RECORDED INFORMATION START
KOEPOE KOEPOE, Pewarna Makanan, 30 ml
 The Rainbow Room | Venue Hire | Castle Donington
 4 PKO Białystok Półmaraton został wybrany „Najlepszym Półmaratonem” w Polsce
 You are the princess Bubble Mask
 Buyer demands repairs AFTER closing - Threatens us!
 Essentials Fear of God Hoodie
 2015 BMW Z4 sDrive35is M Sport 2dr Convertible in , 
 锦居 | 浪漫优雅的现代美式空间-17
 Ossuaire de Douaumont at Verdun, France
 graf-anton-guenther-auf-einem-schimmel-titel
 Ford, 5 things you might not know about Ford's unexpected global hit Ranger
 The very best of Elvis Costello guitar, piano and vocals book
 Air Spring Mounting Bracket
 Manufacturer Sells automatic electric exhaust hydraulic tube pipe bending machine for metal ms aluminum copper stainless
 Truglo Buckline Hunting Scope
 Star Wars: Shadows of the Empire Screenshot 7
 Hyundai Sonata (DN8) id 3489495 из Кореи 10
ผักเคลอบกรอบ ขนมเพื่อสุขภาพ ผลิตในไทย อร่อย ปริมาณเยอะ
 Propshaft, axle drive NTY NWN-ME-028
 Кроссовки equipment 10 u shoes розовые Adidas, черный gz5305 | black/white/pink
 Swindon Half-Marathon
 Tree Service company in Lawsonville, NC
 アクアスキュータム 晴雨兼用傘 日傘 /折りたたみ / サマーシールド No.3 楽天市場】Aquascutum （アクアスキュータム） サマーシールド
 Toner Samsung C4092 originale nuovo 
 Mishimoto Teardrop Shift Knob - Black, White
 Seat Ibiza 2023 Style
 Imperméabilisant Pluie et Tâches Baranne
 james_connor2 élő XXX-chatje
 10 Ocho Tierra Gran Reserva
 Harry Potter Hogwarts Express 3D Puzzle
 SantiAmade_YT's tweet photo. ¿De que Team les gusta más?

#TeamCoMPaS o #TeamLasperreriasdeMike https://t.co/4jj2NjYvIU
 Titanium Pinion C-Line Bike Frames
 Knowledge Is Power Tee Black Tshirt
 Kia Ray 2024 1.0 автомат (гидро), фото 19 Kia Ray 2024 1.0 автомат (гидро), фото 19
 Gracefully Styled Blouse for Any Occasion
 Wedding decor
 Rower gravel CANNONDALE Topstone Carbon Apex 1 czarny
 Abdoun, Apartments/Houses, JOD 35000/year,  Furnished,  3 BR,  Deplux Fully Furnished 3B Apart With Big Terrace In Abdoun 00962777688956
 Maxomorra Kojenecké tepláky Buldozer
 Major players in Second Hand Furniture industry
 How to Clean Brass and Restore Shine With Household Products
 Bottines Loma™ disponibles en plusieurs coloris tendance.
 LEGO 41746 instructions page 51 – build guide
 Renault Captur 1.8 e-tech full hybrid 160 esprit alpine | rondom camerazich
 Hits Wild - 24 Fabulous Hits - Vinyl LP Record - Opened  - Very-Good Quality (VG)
RECORDED INFORMATION END
THE PROBLEM = Return a word-for-word copy of the lines above from the one holding "Toner Samsung C4092 originale nuovo" through the one holding "#TeamCoMPaS o #TeamLasperreriasdeMike", with both of them included and nothing besides.

SOLUTION TO THE EXERCISE =
 Toner Samsung C4092 originale nuovo 
 Mishimoto Teardrop Shift Knob - Black, White
 Seat Ibiza 2023 Style
 Imperméabilisant Pluie et Tâches Baranne
 james_connor2 élő XXX-chatje
 10 Ocho Tierra Gran Reserva
 Harry Potter Hogwarts Express 3D Puzzle
 SantiAmade_YT's tweet photo. ¿De que Team les gusta más?

#TeamCoMPaS o #TeamLasperreriasdeMike https://t.co/4jj2NjYvIU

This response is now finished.